Et s'il est fait reproche à M. [L] [S] de s'être porté acquéreur d'un hôtel restaurant en Savoie au travers d'une société et avoir ouvert l'établissement en décembre 2021, la cour relève au vu des pièces versées aux débats par l'appelante qu'il était déjà président de la société La Balme le 18 août 2021 (pièce 14) lesdites pièces démontrant par ailleurs qu'il est à la tête de nombreux autres établissements de sorte qu'il n'est nullement démontré que la société Le Père Loup ait abandonné le projet d'achat de la société Les Caloges pour se dédier à l'achat de l'hôtel.

Il s'ensuit que le jugement sera confirmé en ce qu'il a débouté de la société Financière [M] [E] de ses demandes.

Sur la demande de dommages et intérêts présentée par les intimés

Ils font valoir que :

* il était loisible à M [L] [S] au titre de la liberté d'entreprendre, de rompre les pourparlers, ce qu'il a effectué dans un délai particulièrement raisonnable ;

* la société FMH n'avait jamais manifesté un quelconque souci quant à l'absence de cession ;

* elle a assigné la Société Le Père Loup mais aussi M [L] [S] en sa qualité personnelle, démontrant une certaine animosité envers lui ;

* alors qu'aucun argument ne fonde ses demandes, qu'aucune rupture n'est intervenue de manière abusive, la société FMH a interjeté appel du jugement intervenu.

La société FMH réplique que la demande est infondée.

Réponse de la cour

Les intimés ne rapportent pas plus en première instance qu'en appel la preuve que le droit d'agir de la société FMH aurait dégénéré en abus, les arguments développés et ci-dessus réfutés ne constituant pas un tel abus et ne démontrant aucune animosité à l'encontre de M [L] [S]. La société FMH étant en droit de contester une décision de justice, il convient de débouter M [J] [L] [S] et la société Le Père Loup de leurs demandes.

Le jugement sera confirmé et les intimés déboutés de leurs demandes.

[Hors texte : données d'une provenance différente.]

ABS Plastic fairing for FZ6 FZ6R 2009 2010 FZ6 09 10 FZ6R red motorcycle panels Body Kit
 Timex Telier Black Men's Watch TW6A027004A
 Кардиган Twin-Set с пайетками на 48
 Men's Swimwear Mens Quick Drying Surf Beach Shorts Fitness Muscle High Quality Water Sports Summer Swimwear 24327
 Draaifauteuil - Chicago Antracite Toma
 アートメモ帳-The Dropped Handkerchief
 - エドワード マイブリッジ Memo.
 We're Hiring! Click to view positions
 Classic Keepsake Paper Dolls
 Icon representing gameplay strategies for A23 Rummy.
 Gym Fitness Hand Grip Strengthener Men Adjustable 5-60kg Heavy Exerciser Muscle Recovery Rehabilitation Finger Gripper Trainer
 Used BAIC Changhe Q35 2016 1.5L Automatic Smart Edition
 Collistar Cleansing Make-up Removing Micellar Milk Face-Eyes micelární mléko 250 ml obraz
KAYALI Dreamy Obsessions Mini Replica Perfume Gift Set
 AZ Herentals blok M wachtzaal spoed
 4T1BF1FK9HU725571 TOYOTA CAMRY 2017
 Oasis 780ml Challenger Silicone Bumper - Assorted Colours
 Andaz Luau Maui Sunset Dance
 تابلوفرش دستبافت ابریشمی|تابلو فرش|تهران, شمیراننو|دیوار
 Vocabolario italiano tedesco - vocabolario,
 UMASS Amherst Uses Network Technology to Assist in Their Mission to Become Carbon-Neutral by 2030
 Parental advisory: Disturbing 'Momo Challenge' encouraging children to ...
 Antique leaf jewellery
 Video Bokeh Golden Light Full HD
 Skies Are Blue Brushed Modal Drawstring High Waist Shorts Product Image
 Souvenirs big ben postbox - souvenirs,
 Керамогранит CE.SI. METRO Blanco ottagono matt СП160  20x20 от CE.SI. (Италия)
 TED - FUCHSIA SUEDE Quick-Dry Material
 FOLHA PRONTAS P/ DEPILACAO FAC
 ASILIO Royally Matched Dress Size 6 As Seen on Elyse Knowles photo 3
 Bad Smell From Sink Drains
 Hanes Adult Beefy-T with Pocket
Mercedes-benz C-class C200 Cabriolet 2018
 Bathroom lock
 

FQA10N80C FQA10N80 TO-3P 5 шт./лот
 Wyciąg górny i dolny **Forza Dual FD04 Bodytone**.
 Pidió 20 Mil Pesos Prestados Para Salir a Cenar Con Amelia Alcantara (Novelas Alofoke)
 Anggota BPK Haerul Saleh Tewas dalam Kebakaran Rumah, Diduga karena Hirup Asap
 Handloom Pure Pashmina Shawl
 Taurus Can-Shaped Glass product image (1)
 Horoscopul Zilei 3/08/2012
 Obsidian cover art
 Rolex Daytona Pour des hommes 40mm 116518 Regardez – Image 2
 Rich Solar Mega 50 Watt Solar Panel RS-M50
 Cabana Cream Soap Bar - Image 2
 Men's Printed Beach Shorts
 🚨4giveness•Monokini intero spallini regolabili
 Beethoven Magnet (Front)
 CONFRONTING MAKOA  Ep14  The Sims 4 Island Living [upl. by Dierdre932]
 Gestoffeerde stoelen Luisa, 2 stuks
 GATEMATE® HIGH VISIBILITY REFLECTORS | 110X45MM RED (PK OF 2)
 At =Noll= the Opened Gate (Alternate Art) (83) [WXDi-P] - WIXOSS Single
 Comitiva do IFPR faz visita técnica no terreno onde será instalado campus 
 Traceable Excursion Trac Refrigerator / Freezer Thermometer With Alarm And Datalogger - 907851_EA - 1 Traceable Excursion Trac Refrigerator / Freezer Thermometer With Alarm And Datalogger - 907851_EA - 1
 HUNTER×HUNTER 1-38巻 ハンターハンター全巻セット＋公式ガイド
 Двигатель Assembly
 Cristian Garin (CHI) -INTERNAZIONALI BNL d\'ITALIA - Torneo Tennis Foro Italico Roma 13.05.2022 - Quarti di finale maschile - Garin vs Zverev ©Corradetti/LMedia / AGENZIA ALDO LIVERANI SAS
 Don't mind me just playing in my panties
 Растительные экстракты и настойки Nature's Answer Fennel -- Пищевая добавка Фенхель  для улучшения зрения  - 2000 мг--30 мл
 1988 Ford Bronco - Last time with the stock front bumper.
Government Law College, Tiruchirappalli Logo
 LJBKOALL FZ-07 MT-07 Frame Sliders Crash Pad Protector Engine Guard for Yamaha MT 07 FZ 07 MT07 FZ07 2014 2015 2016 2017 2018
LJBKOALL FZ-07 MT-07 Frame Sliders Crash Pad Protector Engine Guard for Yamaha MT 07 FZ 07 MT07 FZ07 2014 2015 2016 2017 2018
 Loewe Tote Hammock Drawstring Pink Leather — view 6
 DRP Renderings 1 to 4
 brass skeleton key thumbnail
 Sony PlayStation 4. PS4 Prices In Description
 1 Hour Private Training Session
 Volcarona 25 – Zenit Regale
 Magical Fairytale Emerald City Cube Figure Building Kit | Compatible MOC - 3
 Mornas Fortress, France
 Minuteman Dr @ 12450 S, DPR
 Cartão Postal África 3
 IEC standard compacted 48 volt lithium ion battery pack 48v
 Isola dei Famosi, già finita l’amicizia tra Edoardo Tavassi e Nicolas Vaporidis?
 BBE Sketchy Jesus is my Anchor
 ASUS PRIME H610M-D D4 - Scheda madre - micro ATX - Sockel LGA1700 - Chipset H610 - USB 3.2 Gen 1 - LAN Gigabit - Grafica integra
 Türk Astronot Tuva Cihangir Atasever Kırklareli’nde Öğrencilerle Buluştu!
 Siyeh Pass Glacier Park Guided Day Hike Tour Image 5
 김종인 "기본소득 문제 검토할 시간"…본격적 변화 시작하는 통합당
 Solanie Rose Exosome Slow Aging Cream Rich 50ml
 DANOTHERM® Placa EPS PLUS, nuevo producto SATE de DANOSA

Sur les demandes accessoires

Compte tenu de la solution apportée au litige, le jugement sera confirmé en ses dispositions relatives aux dépens et aux frais irrépétibles. L'appelante étant la partie succombante, les dépens de l'appel seront mis à sa charge et il convient de la condamner à payer à chacun des intimés une somme au titre de l'article 700 du code de procédure civile que l'équité commande de fixer à 2500 euros.

PAR CES MOTIFS

La cour statuant par arrêt contradictoire mis à disposition au greffe,

Confirme le jugement entrepris en toutes ses dispositions,

Y ajoutant,

Déboute Monsieur [J] [L] [S] et la société Le Père Loup de leurs demandes de dommages et intérêts pour procédure abusive,

Condamne la société Financière [M] [E] aux dépens d'appel

Condamne la société Financière [M] [E] à payer à M [J] [L] [S] et à la société Le Père Loup, chacun, la somme de 2500 euros au titre de l'article 700 du code de procédure civile.